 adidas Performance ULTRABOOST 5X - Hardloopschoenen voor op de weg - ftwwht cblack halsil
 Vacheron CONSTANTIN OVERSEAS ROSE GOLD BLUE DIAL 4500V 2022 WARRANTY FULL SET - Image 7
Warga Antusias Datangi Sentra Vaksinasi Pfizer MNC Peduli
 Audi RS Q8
...
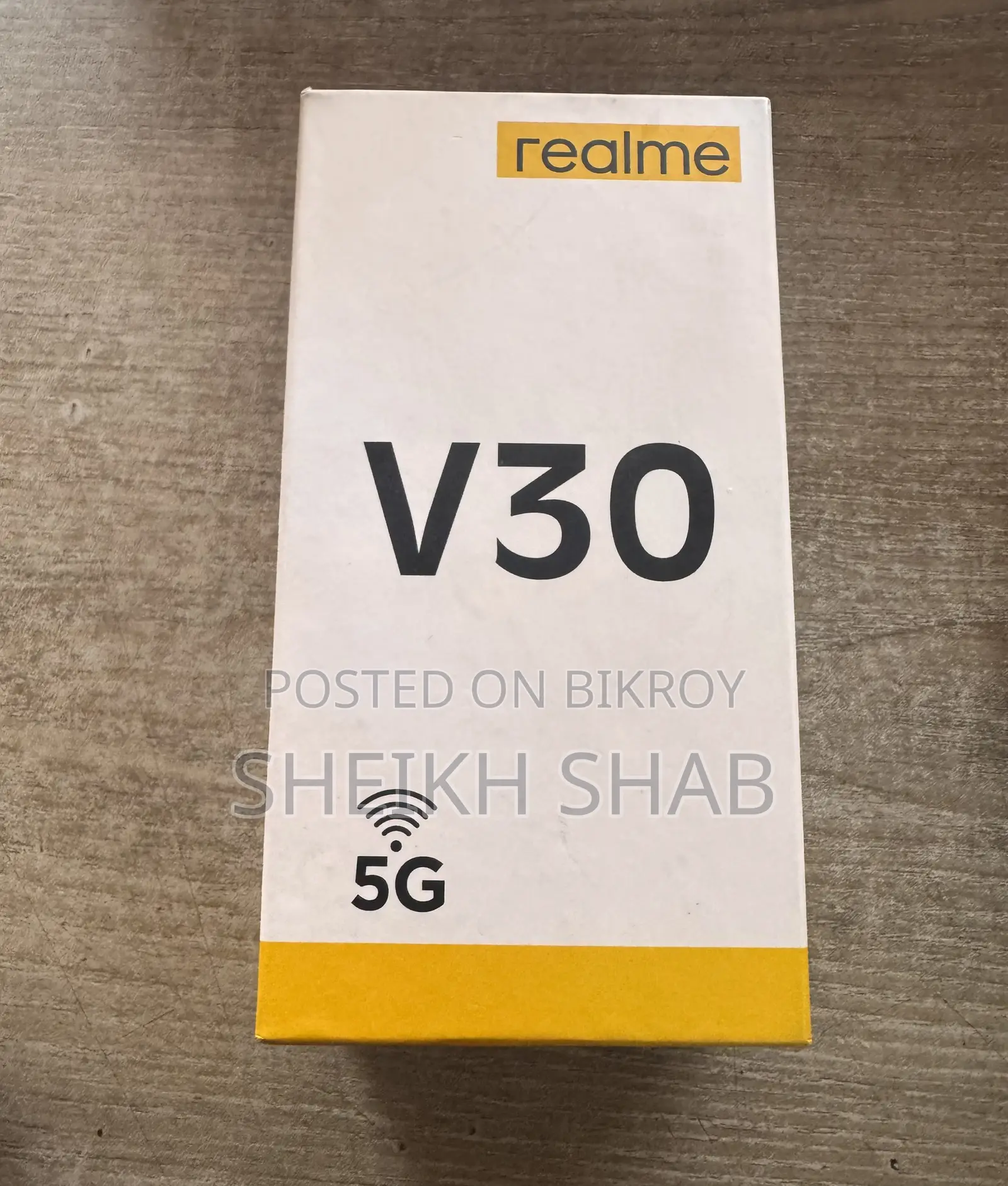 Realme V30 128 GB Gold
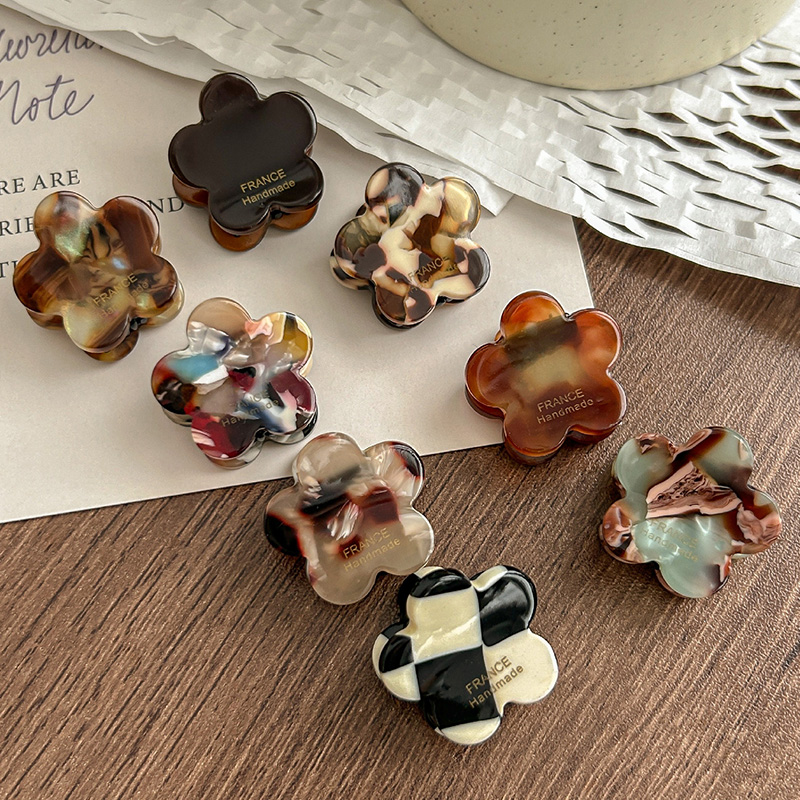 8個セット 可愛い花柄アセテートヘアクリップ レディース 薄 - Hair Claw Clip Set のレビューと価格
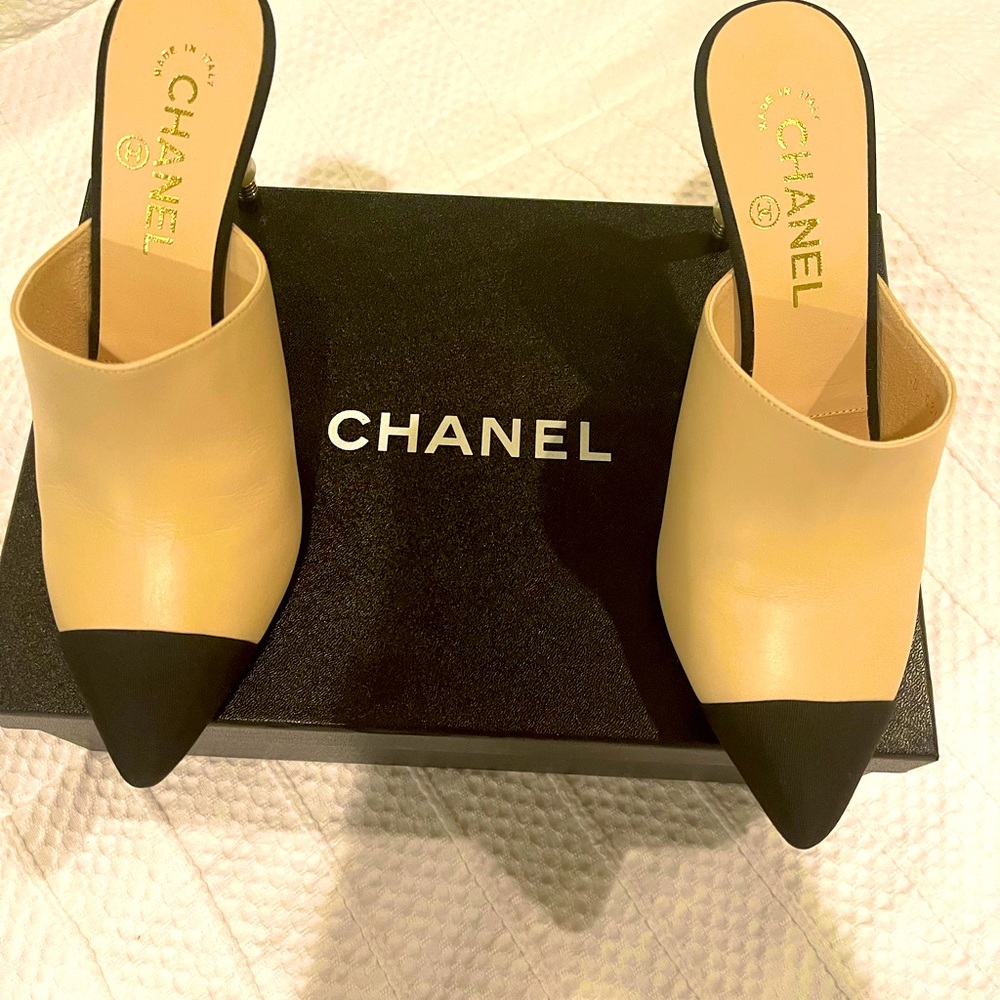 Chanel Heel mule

> EXERCISE REQUIREMENTS
The answer must be the lines above from the one containing "Realme V30 128 GB Gold" through the one containing "Chanel Heel mule", reproduced exactly, with no pictures and nothing else.

> YOUR SOLUTION
 Realme V30 128 GB Gold
 8個セット 可愛い花柄アセテートヘアクリップ レディース 薄 - Hair Claw Clip Set のレビューと価格
 Chanel Heel mule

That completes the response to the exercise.